* About this exercise:
Lines below that hold the word "Image" must be copied in full.
BEGIN
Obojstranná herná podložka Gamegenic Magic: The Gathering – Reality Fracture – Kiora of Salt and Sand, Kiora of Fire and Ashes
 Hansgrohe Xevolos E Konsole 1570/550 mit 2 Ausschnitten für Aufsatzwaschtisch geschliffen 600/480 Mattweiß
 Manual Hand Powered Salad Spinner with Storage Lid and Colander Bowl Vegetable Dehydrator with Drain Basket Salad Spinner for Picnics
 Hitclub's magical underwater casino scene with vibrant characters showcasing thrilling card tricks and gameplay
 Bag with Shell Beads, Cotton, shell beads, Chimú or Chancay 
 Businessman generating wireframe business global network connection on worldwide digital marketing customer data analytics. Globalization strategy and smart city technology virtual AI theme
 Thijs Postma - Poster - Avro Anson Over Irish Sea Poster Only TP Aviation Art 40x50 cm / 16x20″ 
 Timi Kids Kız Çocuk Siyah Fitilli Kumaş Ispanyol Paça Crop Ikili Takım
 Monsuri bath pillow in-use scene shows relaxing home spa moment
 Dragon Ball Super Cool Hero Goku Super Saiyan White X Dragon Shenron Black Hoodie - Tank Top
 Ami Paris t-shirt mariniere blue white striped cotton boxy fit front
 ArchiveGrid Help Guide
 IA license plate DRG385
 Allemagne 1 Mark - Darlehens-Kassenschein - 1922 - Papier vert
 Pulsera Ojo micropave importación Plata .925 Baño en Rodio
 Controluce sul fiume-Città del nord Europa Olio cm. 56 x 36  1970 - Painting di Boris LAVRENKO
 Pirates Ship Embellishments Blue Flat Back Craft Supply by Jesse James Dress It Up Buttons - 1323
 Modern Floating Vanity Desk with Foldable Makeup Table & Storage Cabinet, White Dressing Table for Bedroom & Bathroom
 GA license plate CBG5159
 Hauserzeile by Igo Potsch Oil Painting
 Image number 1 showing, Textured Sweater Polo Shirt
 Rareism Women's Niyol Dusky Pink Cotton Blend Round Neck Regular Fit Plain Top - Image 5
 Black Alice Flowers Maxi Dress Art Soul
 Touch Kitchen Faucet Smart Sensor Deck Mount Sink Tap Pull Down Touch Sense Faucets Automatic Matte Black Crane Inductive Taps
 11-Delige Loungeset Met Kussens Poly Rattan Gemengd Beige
END
* Output:
 Image number 1 showing, Textured Sweater Polo Shirt
 Rareism Women's Niyol Dusky Pink Cotton Blend Round Neck Regular Fit Plain Top - Image 5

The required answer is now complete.